Single field matter bounce with dark energy era: comparison with CMB Planck 2018 data and best fit parameters

TL;DR

This study uses Planck 2018 CMB data to evaluate a matter bounce cosmological model with a scalar field, finding it comparable to the standard inflationary Lambda-CDM model in fitting observations.

Contribution

The paper performs MCMC analyses on a matter bounce model with a scalar field and compares its fit to Planck data against the standard Lambda-CDM model, highlighting its viability.

Findings

Planck data alone cannot distinguish between the matter bounce model and Lambda-CDM.

The matter bounce model can produce a scalar spectral index compatible with observations.

The model's parameters are constrained by the data, showing its potential as an alternative cosmology.

Abstract

In this work, we perform Markov Chain Monte Carlo (MCMC) analyses using the Planck 2018 cosmic microwave background (CMB) datasets, including temperature, polarization, and lensing, in order to compare matter bounce models with observational data. The particular model we considered contains a scalar field with an exponential potential, which behaves as dust in the asymptotic past of the contracting phase, it realizes a quantum bounce, and then behaves as a transient dark energy field at large scales in the expanding phase.
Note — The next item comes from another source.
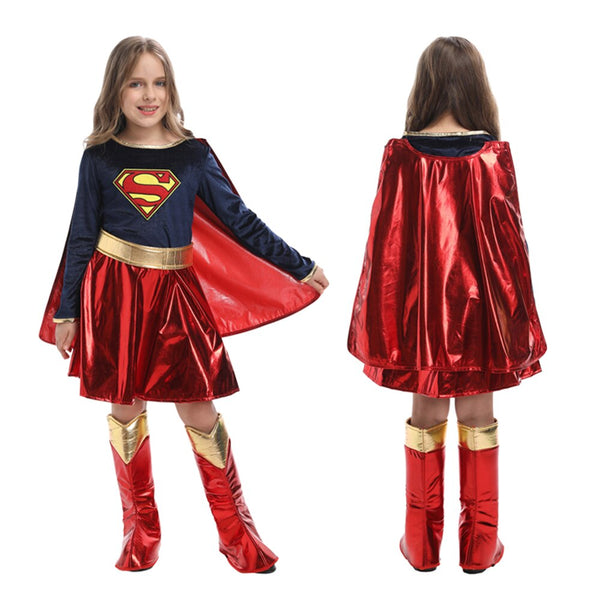 Halloween Karneval Party Mädchen Supergirls Kostüm Cosplay Film-TV Kinder Weihnachten Bühnenkostüm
The parameter $\lambda$ appearing in the exponential potential is directly related to the model's scalar spectral index, $n_s$, which is set free in the MCMC analyses, as well as the deepness of the bounce, which controls the amplitude of the power spectrum. We provide constraints on the cosmological parameters and compare the model's performance against the standard inflationary $\Lambda$CDM scenario. Our results indicate that Planck data alone cannot favor one model with respect to the other, showing that the model we investigate can be a viable alternative to inflation.